Bereits als Kommandeur der legendären Zahal-Einheit 101
fiel er in den fünfziger Jahren seinen Vorgesetzten durch Einsätze auf,
die zwar tollkühn und spektakulär waren, aber auch unter den eigenen
Leuten einen hohen Blutzoll forderten. Gleichzeitig konnte er Himmel und
Hölle in Bewegung setzen, um etwa in Gefangenschaft geratene Soldaten
seiner Einheit zu befreien. Und schon damals legte er ein Verhalten an
den Tag, dass für ihn zum Grundmuster werden sollte: "Er tat so, als
hätte er das militärische Rad neu erfunden, setzte sich über zahlreiche
Instanzen der strengen militärischen Befehlskette hinweg und wandte sich
direkt an den Generalstabschef und den Verteidigungsminister, um seine
Methoden durchzusetzen."
Auffällig an Ariel Scharons Karriere ist aber auch die
gehörige Portion Pragmatismus, mit der er Freund und Feind gleichermaßen
immer wieder zu überraschen vermochte. So war er zwar die treibende
Kraft hinter dem israelischen Siedlungsprogramm in den besetzten
Gebieten, betrieb aber mit dem gleichen Elan auch wieder ihre Auflösung,
wenn er andere Prioritäten sah.
Bereits 1982 sorgte Scharon dafür, dass die israelischen
Siedlungen auf der Sinai-Halbinsel abgerissen wurden - schließlich ging
es um den Frieden mit Ägypten. Und 2005 setzte er den vollständigen
Rückzug aus dem Gaza-Streifen durch, hoffte er doch so eine neue
Ausgangsposition in den Verhandlungen mit den Palästinensern zu
schaffen.
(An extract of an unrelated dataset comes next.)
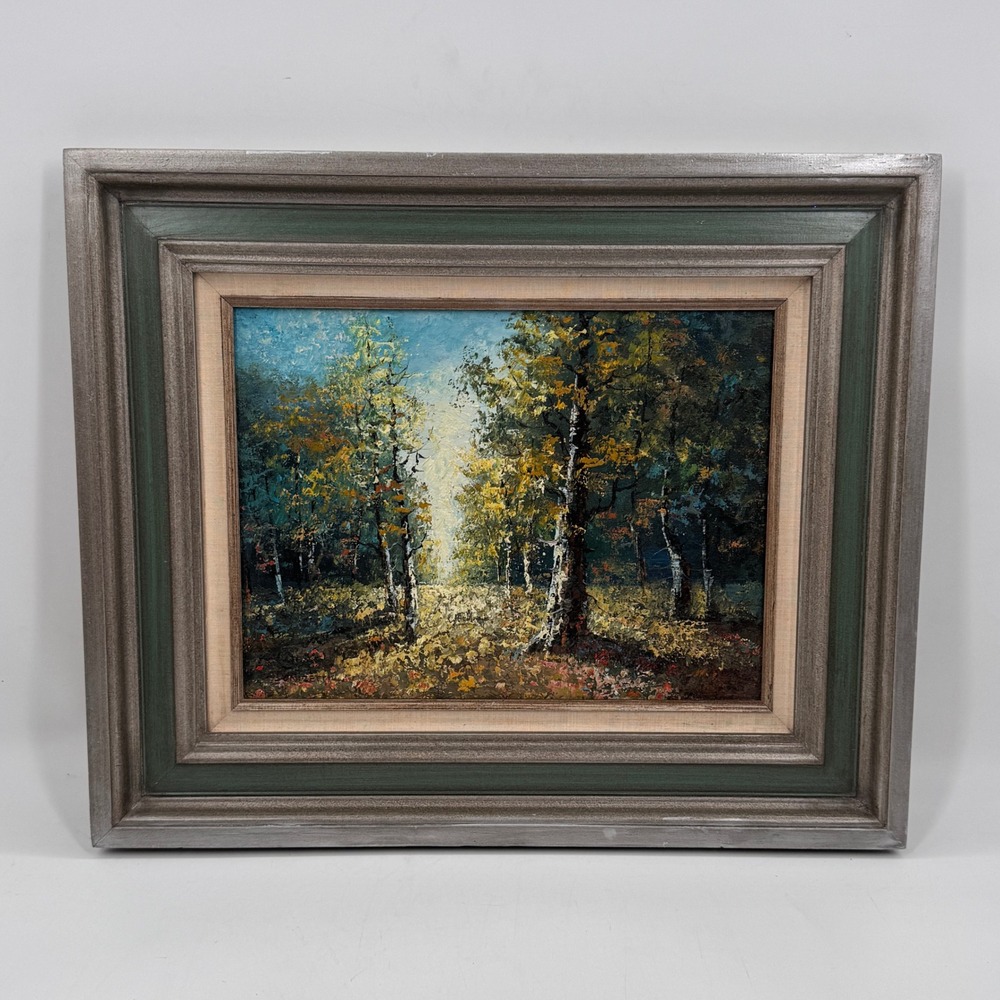 Vintage Oil Painting Forest Landscape Signed Framed Impressionist Style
So mancher seiner Anhänger aus der Siedlerbewegung, der einmal
vor Begeisterung "Arik, König Israel" gerufen hat, blieb angesichts
solcher Schritte die Luft weg, und friedensbewegete Israelis, für die
Ariel Scharon früher einmal die Inkarnation des Bösen war, konnten sich
plötzlich für ihn erwärmen.
So lautet denn auch das Fazit der Biographie: Ariel
Scharon liebte die Macht, ein Ideologe jedoch war er nicht wirklich. In
seinen Zeiten als Oppositionspolitiker konnte er die extremsten
Positionen vertreten, in dem Moment aber, in dem er politische
Verantwortung trug, tat er aber oftmals das Gegenteil. Genau das macht
das Rätsel Ariel Scharon aus, genau deshalb ging von seiner Person immer
eine große Faszination aus.
Gadi Blum und Nir Hefez gelingt es, ein Porträt Ariel
Scharons zu zeichnen, das all diesem Rechnung trägt und geradezu
Shakespeare'sche Züge trägt: Zum einen hochtalentiert und voll
visionärer Kraft, trotzdem aber mit menschlichen Fehlern zuhauf, brutal
und in Sachen Intrige ein wahrer Meister. All das zeigen die beiden
Autoren, ohne dabei eine Dämonisierung oder Heroisierung zu betreiben
und das ist die eigentliche Leistung des Buches. Zudem vermitteln sie
einen hervorragenden Eindruck darüber, nach welchen Spielregeln Politik
in Israel funktioniert.
Etwas irritierend jedoch ist die Tatsache, dass die
beiden Autoren es nicht für nötig hielten, mit Ariel Scharon einmal ein
persönliches Gespräch zu suchen. Offen bleibt zudem die Frage nach dem
politischen Erbe Ariel Scharons: Wird man sich an ihn einmal nur deshalb
erinnern, weil er Israel 1982 in das Desaster des Libanon-Krieges
geführt hatte, oder aber, weil Scharon derjenige war, der Siedlungen im
Gaza-Streifen und der Westbank aufgab und somit die Rahmenbedingungen
für einen Frieden mit den Palästinensern schuf?